第34回 ゲンエイワガン


緊張して、いざドアを開けると。フレンドリーさにホッとして。
とあるビルの階段を下っていくと、光が遮断されたドアの前へと降り立ちます。チャイムを押すと、内側からスタッフの応答、予約したときの名を告げると、重厚なドアが開かれます。モノトーンで無機質な質感を基調にした近未来的な空間。秘密クラブみたいな、怪しげなムードも漂います(汗)
でも、スタッフのみなさんは、とても気さくでフレンドリー、高まっていた緊張感が一気にほぐれるのでした。
入江瑛起さんは、熊本県出身。福岡のラーメン店での修行時代、自ら製麺マシンをつくってしまうほど、麺の研究にも取り組んできた達人です。
中目黒で飲食店のプロデュースを任されたとき、〆がラーメンという今のスタイルを確立。

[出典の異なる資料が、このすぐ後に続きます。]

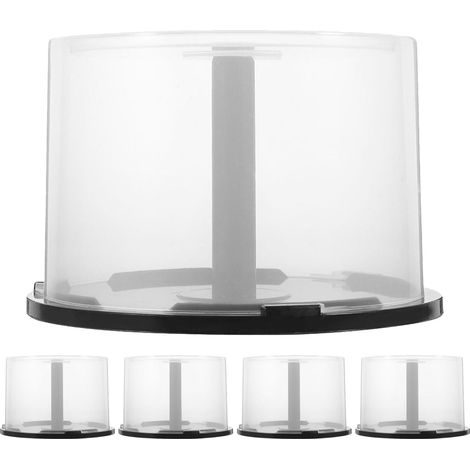 Lot de 5 boîtes à gâteaux pour CD/DVD, seau de rangement vide pour CD - Supports de rangement pour étagère à DVD avec couvercle transparent et noir (1/5)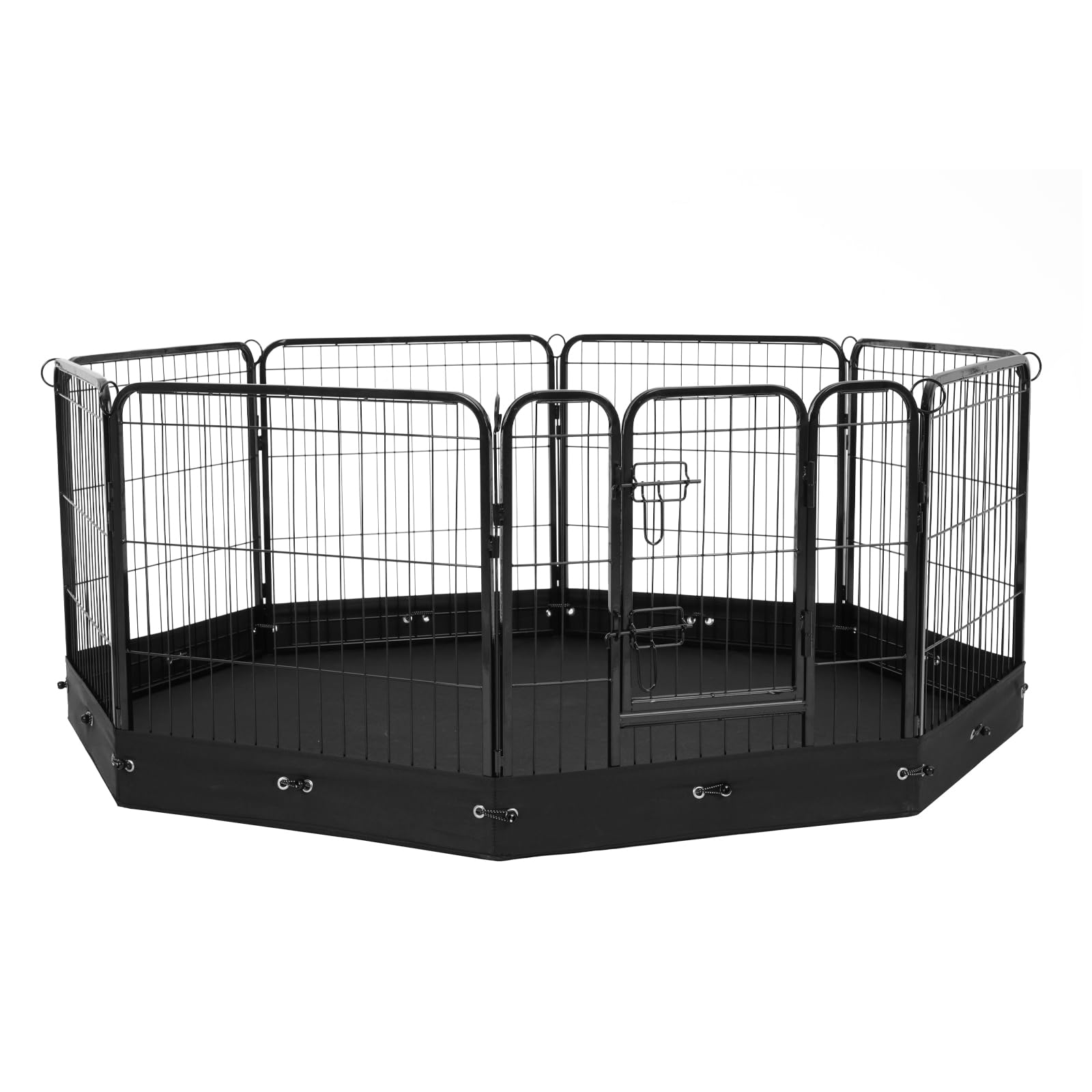 VEVOR Parque de Juegos para Perros 8 Paneles de 610 x 610 mm, Corral de Ejercicios de Metal Plegable para Mascotas con Puerta, Bolsa de Almacenamiento y Almohadilla Inferior para Perros, Gatos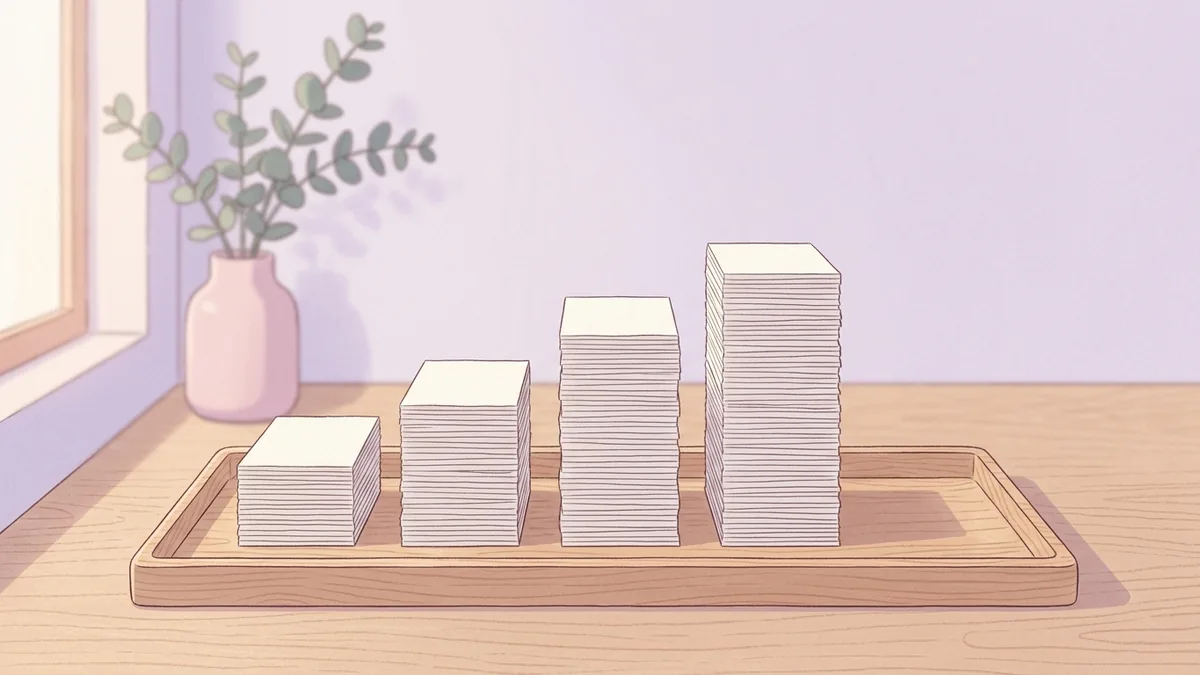 木の盆の上で、たくさんの白いカードが高さの違う四つの山に分けて積まれている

28才で独立を果たしました。現在は、週末を福岡の劇場型ラーメン店「玄瑛」で、平日はこちら広尾の「GENEI WAGAN」で仕事をしています。
完全予約制。おまかせコースのみ。お酒はいろいろ。泡盛をオーダーしたら、ドリンク担当のジャクソン君がなんと瑞泉酒造の「おもろ10年」を出してくれました。ありがとう、ディープな夜です。
「これからストレート麺を、ちりちり麺にしていきますね。福岡のお店で製麺したもので、水分量47%、そのうち10%が玉子です。しっかりと熟成させています。水分が多めの麺なので、通常ならぎゅっと握るとだんご状に戻ってしまうのですが……」
あれ、ぎゅっと握ったあと、麺がちりちりに! へーっ、どうして?
「女性だと思って、麺にやさしくコミュニケーションするのがコツなんです(笑)」


「もっと何かをしてあげたい」はリスペクトがあるから。
カウンター越しに、お互いを好きになれるか、あるいはリスペクトできる関係になれるかどうか──。入江さんは、ここをテーマにしています。
「立場の違い、男女の差など関係なく、同じ人間としてその人をリスペクトできたら、もっと何かをしてあげたいと思うでしょう? もっとおいしいものを食べてもらいたい、グラスにもっと並々とワインを注いであげたい、もっと長くお話ししていたい。そういう関係性をつくっていきたいと思っています」
ふたりの女児のパパであり、スタッフたちと仕事をするオーナーシェフでもあり、お客さまともコミュニケーションを取るサービスマンでもある。それらの関係性のまん中に「リスペクト」したいという気持ちがあるのですね。
「スタッフを育てるという発想はないんですね。スタッフともリスペクトしあえる関係でありたいからです」
お客さんの側からも同じことが言えそうです。入江さんを好きだから、また来店する。リスペクトできるから、自分の大切な人を紹介したくなる。
私が今回いただいたのは「潮薫る醤油ラーメン」でした。その名の通り、まず潮が香りたち、追いかけるように、ほんのりとやさしい魚介系醤油スープを纏ったチリチリ麺が口のなかでほどけていきます。泡盛にも、合う!
お隣の常連さんには、まったく違うコンセプトのラーメンが出されていました。通うほど、語りあうほど、その人がもっとよろこぶラーメンを食べてもらいたくなる。これも、入江さんのリスペクトの表現なのですね。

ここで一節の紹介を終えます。